With so many languages already around, will the language graveyard become overpopulated? A danger exists that with so much choice in the market, many languages will just not last because they don’t get enough attention or contribution in the face of less and less community resources.

The industry, however, survives based on innovating and creating, which very often comes from a project starting from scratch, dropping existing constraints and designs, and going with a blank slate.

There is a fine line that we will naturally dance around here: between helping to build existing languages and frameworks–helping to create the community backing it needs to survive and perhaps become the next Java- -and the creation of new ideas, structures and paradigms which ultimately will make their way into existing languages.

This RebelLabs report takes a look at Java 8, Scala, Kotlin, Ceylon, Xtend, Groovy, Clojure and Fantom. But wait–with so many JVM languages to choose from, how did we settle on these eight only?

The team over here at RebelLabs has been discussing for 6 months how to do a report like this, and which languages to choose. Basically, we wanted to give something for everyone: Java is an incredibly well-known, widespread language, but Java 8 has new things that we wanted to explore. Groovy, Scala and Clojure have found their niches in the market and are becoming more popular, and languages like Ceylon, Kotlin, Xtend and Fantom are relatively new on our radars, gaining credibility and in need of some investigation.

Our goal is to give an understanding of where each language came from, how they evolved and where they may be going. So in this report you will see us express our first impressions of the languages, including the features which rocked and the features which… well, didn’t rock!

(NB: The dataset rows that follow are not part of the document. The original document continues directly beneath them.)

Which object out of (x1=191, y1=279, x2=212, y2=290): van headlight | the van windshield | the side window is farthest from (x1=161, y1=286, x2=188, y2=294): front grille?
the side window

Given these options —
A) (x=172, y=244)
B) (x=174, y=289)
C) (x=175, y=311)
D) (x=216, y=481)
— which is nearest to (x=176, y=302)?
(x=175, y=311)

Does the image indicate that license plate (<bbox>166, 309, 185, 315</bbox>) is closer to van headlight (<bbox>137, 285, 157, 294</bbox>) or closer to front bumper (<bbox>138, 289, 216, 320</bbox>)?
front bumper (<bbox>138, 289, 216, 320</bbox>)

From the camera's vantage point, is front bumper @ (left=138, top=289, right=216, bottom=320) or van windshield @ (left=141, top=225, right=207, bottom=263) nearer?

You’ll be able to see our source code of a basic HTTP Server example in all implementations, with links to GitHub so you can play along with us.

A little History

In the beginning, there was only Java, and it used to be the only programming language for the JVM. But the industry realized the need, and potential, for more options on the JVM quite early on. The first alternatives were targeting the scripting domain: Jython, a Python implementation for the JVM, as well as Rhino and JavaScript engines for the JVM, appeared in 1997, followed by BeanShell in 2000 and JRuby in 2001.

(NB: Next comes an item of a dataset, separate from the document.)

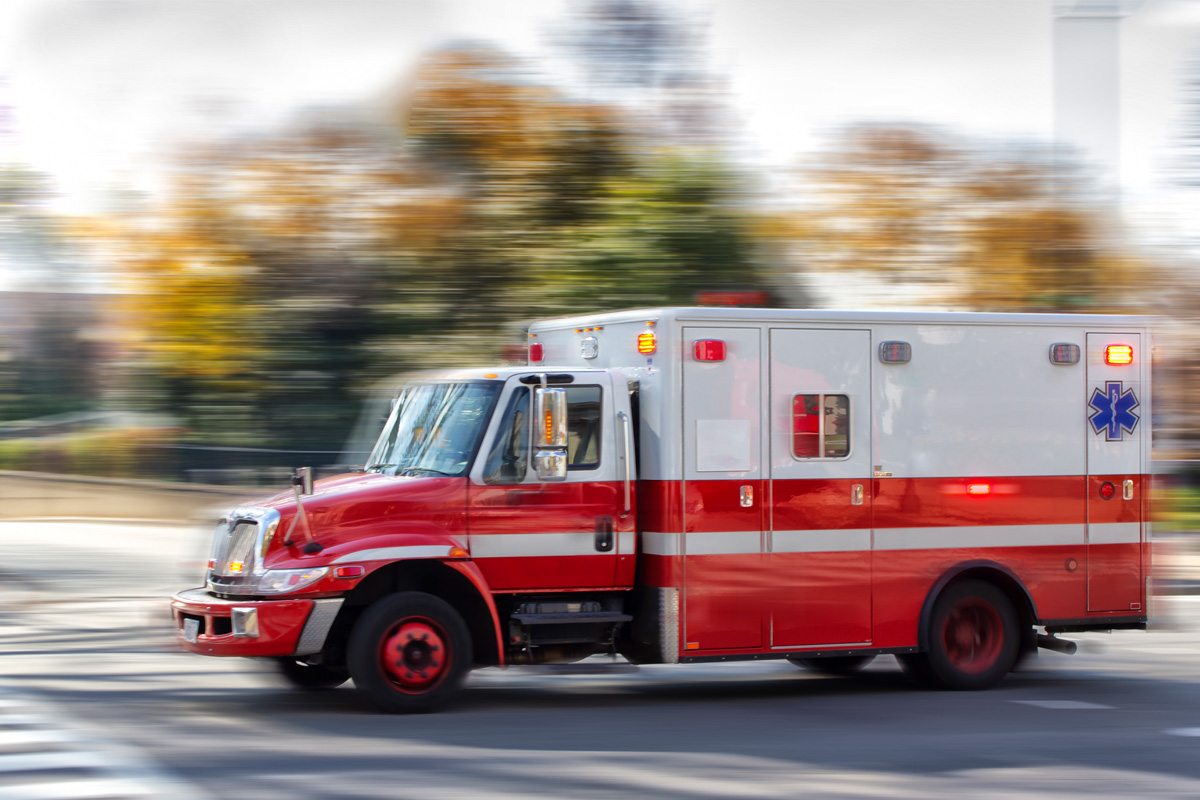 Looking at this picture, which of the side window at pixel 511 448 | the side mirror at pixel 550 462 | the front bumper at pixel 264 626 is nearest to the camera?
the front bumper at pixel 264 626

Scripting facilities were in high demand at that time due to the need for dynamic customization of applications. Nowadays, application servers like Oracle WebLogic and IBM WebSphere utilize Jython scripts for automation and Rhino was bundled with Java 6 to make JavaScript a first-class citizen on the JVM.

jvm languages timeline

However, scripting facilities weren’t the one and only factor for the growth of alternative programming languages on the JVM. Due to Java backwards-compatibility principles, alternative programming languages started to appear, offering some innovative features that weren’t provided by Java or its standard libraries. Scala and Groovy were the first successful projects to offer something beyond Java.

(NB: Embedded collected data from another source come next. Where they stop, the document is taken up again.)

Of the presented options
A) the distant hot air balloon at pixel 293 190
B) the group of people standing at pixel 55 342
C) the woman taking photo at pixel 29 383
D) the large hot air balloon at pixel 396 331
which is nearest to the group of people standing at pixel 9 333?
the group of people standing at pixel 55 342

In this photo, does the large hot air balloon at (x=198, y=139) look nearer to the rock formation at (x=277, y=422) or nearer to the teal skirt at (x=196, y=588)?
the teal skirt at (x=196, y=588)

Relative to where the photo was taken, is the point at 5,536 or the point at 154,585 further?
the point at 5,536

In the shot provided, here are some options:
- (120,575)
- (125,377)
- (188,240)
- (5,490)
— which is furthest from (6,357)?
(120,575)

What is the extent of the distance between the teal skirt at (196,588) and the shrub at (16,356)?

An interesting observation can be made: most of the recent programming languages utilize static typing. Developers who use Scala, Ceylon, Xtend, Kotlin and Java itself rely on the compiler that verifies target types at compile time. Fantom tries to find a golden middle between static and dynamic typing, and Groovy, although initially a dynamic language, now added compile time static type checking in its 2.0 release in 2012. Clojure, the flavor of Lisp, is still the only reasonably-popular JVM programming language that sticks to dynamic typing, which some developers working on large teams in enterprise organizations consider to be a disadvantage.

The trend for new programming languages running on the JVM is changing from dynamic scripting languages for application customization towards statically-typed general purpose languages for application development.

Java is still the most used programming language for JVM and with its upcoming Java 8 release it tries to keep up with the modern trends in syntax esthetics as well as with the requirements for multi-core programming.